**EXERCISE BRIEF**
Starting from the line with "Men's Knitted Quarter" and going up to and including the line with "300 stk Tilbageflydende", copy the listing below exactly. Leave all images out.

**RECORDS TO PROCESS**
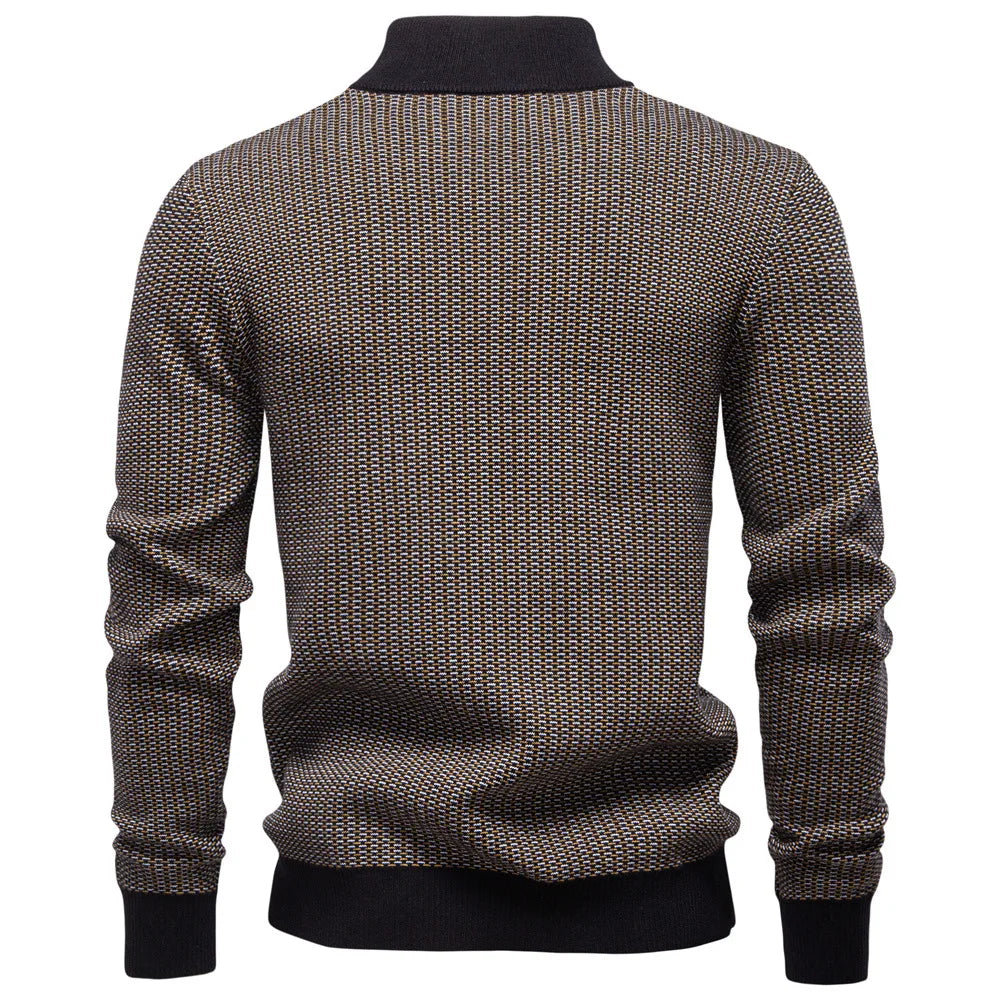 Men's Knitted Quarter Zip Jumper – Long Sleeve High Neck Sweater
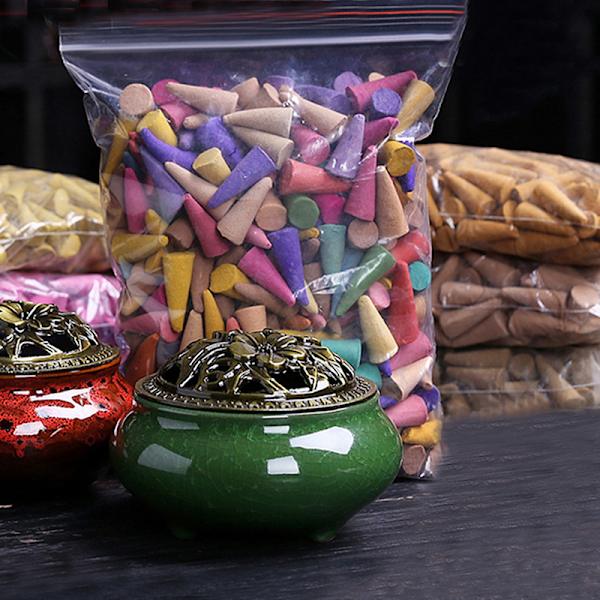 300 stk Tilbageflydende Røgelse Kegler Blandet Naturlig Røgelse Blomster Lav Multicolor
* * *
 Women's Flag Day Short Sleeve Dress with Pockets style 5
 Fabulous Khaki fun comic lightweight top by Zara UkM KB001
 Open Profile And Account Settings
...
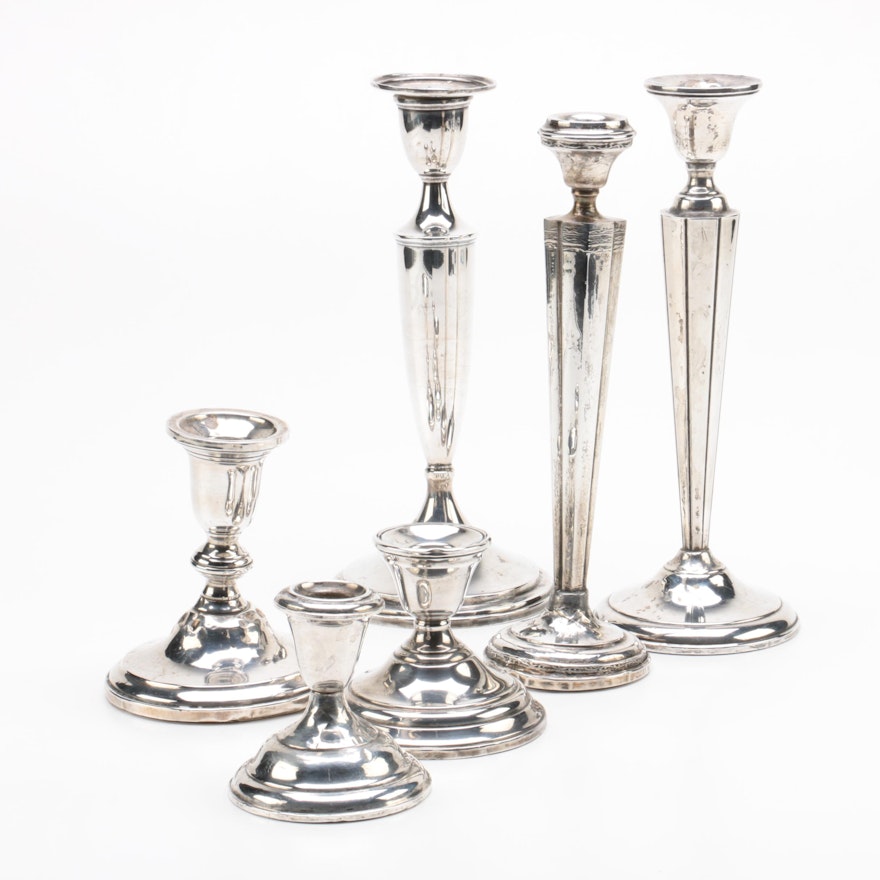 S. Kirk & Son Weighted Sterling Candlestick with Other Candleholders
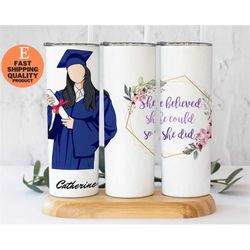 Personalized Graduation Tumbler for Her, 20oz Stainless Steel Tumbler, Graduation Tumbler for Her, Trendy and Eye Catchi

**EXERCISE ANSWER**
 Men's Knitted Quarter Zip Jumper – Long Sleeve High Neck Sweater
 300 stk Tilbageflydende Røgelse Kegler Blandet Naturlig Røgelse Blomster Lav Multicolor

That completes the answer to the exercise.